To provide true value, a SOAR solution must go beyond simply gathering threat intelligence. A proactive security program requires threat intelligence to be properly correlated to discover attack patterns, potential vulnerabilities, and other ongoing risks to the organization. This correlation should be done automatically, and it should be immediately clear if an ongoing incident may share common factors with any previous incidents.
Although automated correlation is critical for analysts to make informed decisions during the incident response process, visual correlation is also an important factor when assessing threat intelligence capabilities. Many proactive security programs now include various forms of threat hunting; actively looking for attacks and patterns that may not have been detected through automated methods. To facilitate this process, threat intelligence and correlated events should be able to be displayed in an easy-to-understand visual manner to allow analysts to most effectively analyze the information.

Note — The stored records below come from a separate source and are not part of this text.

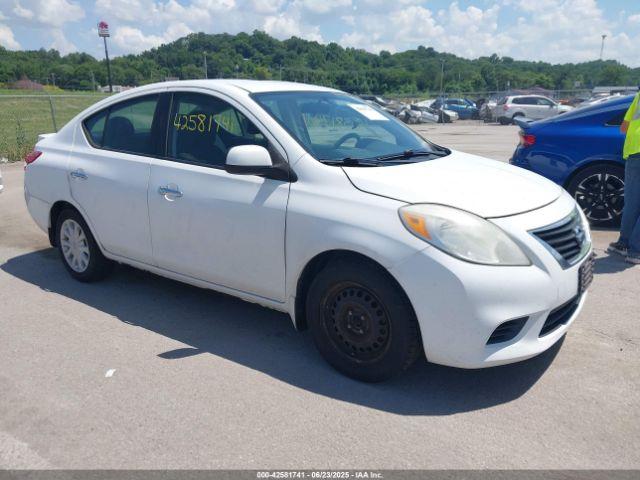  Salvage Nissan Versa
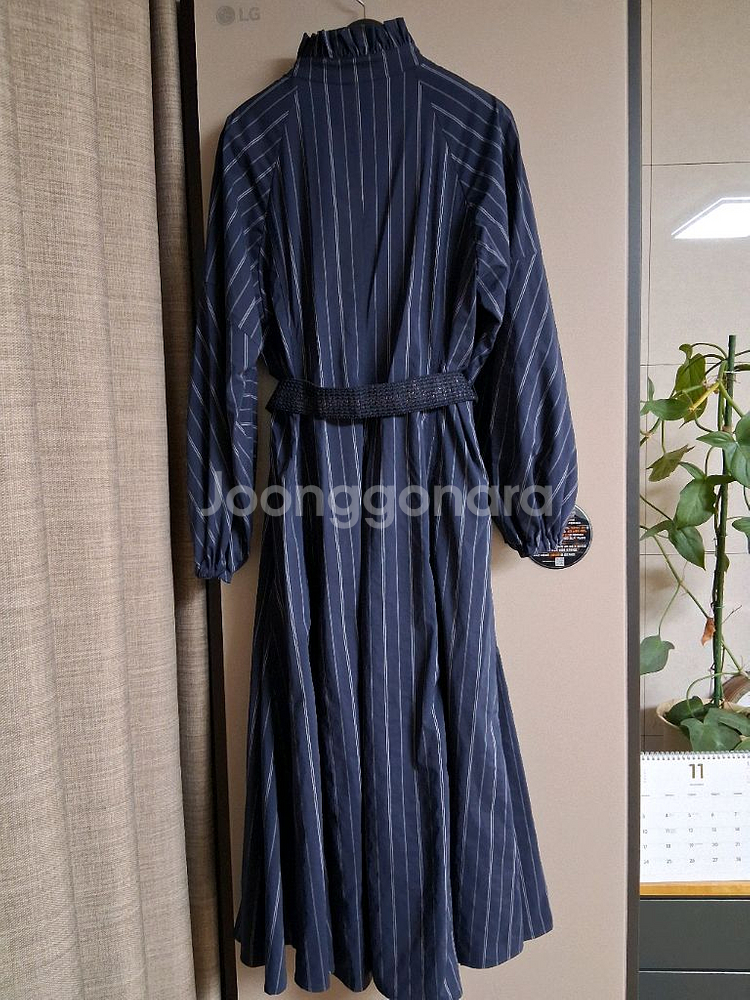 더아이잗컬렉션 스트라이프 원피스--1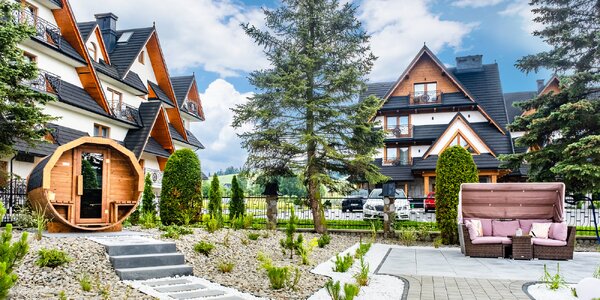 Lesné apartmány v horách na skok od aquaparku Terma Bania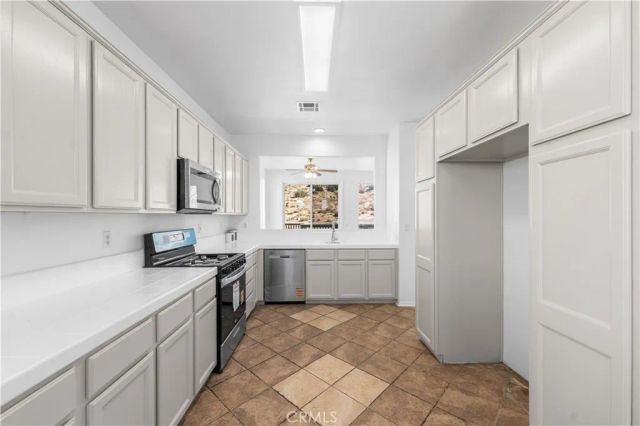 1050 Cactus Drive, Palmdale, CA 93551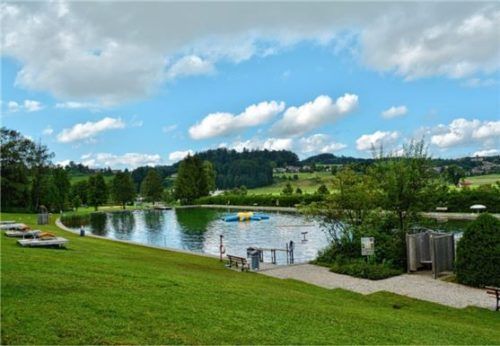 Das Freibad ist wieder geöffnet. Ohne Badeaufsicht und auf die Krake in der Mitte muss zunächst auch verzichtet werden. Foto Eder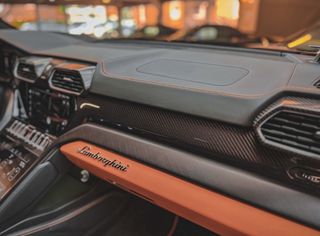 Lamborghini Urus 2021-thumb-12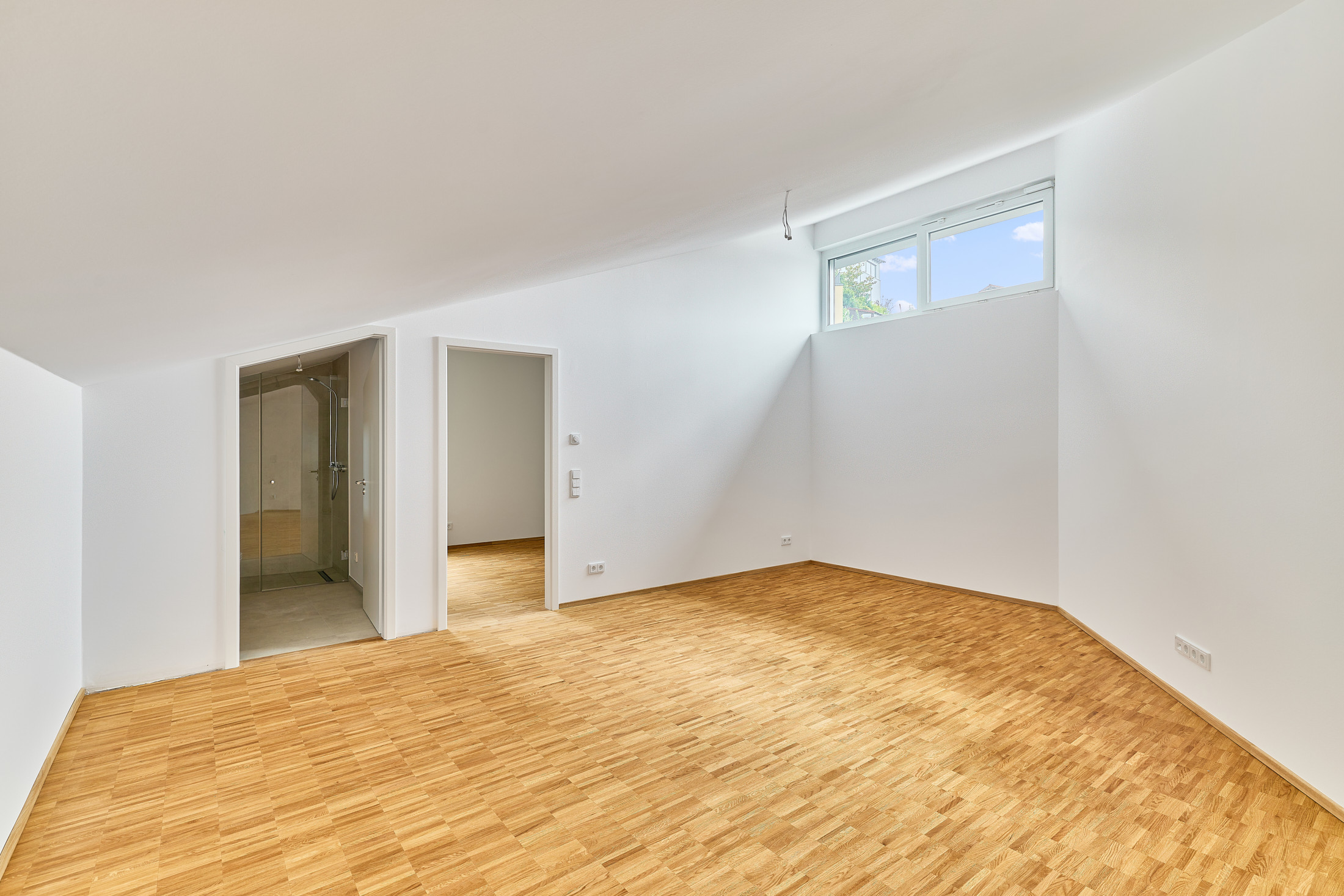 EXKLUSIVE MAISONETTE-WOHNUNG IM KFW-55-STANDARD | GORXHEIMERTAL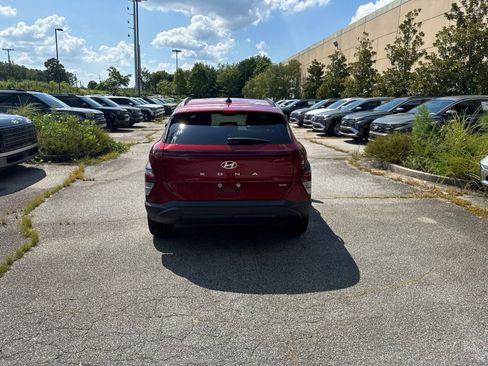 Used 2024 Hyundai Kona SEL AWD/4WD image 10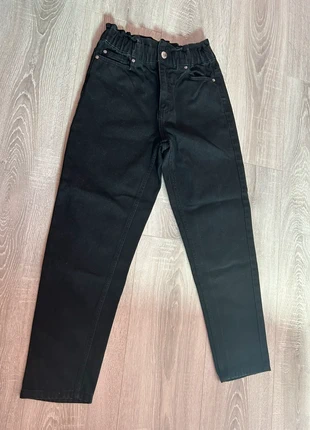 jean noir pour enfant, merk: Kiabi, staat: Heel goed, maat: 10 jaar / 140 cm, € 7,00, € 8,05 inclusief Kopersbescherming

A SOAR solution should be considered a long-term investment. Objectively evaluating which vendor has the best solution is a process that should be tailored to each organization’s individual requirements. Once a SOAR solution is deployed and integrated into the security process, the rip-and replace cost will be high. For this reason, it is important to evaluate the vendor of the SOAR solution, along with the solution itself. The vendor chosen should be one that can continue to provide both a leading SOAR solution, that is flexible and supports open integrations with responsive customer service for the foreseeable future.